• **Problem details**:
Omit every picture and output the rest of the records exactly as they are.

• **Records supplied**:
────────────────────────────────────────
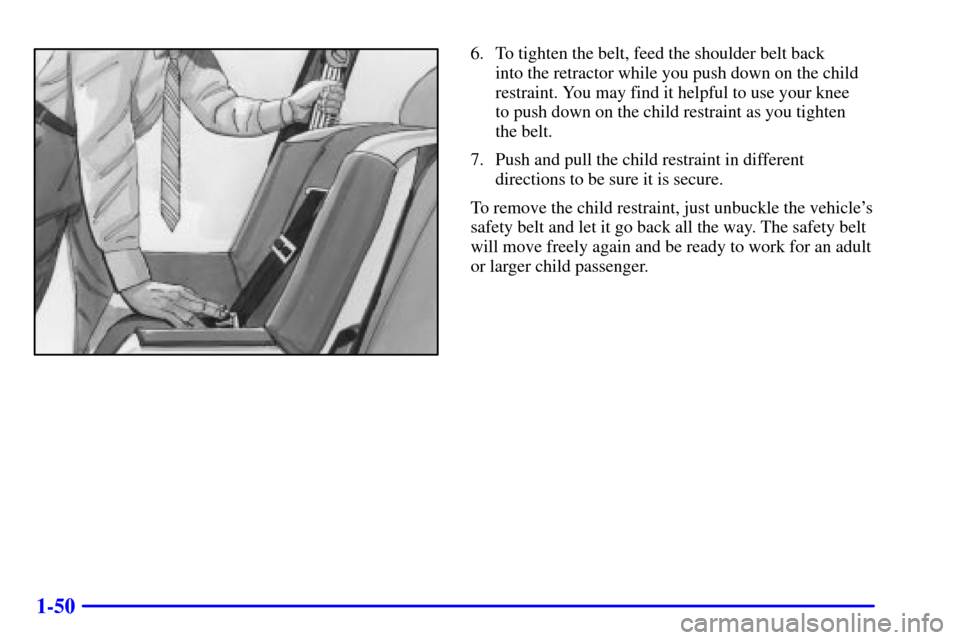 CHEVROLET CAVALIER 2001 3.G Repair Manual 1-50
6. To tighten the belt, feed the shoulder belt back
into the retractor while you push down on the child
restraint. You may find it helpful to use your knee
to push down on the child restraint a CHEVROLET CAVALIER 2001 3.G Repair Manual 1-50
6. To tighten the belt, feed the shoulder belt back
into the retractor while you push down on the child
restraint. You may find it helpful to use your knee
to push down on the child restraint a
────────────────────────────────────────
• **Answer space**:
 CHEVROLET CAVALIER 2001 3.G Repair Manual 1-50
6. To tighten the belt, feed the shoulder belt back
into the retractor while you push down on the child
restraint. You may find it helpful to use your knee
to push down on the child restraint a CHEVROLET CAVALIER 2001 3.G Repair Manual 1-50
6. To tighten the belt, feed the shoulder belt back
into the retractor while you push down on the child
restraint. You may find it helpful to use your knee
to push down on the child restraint a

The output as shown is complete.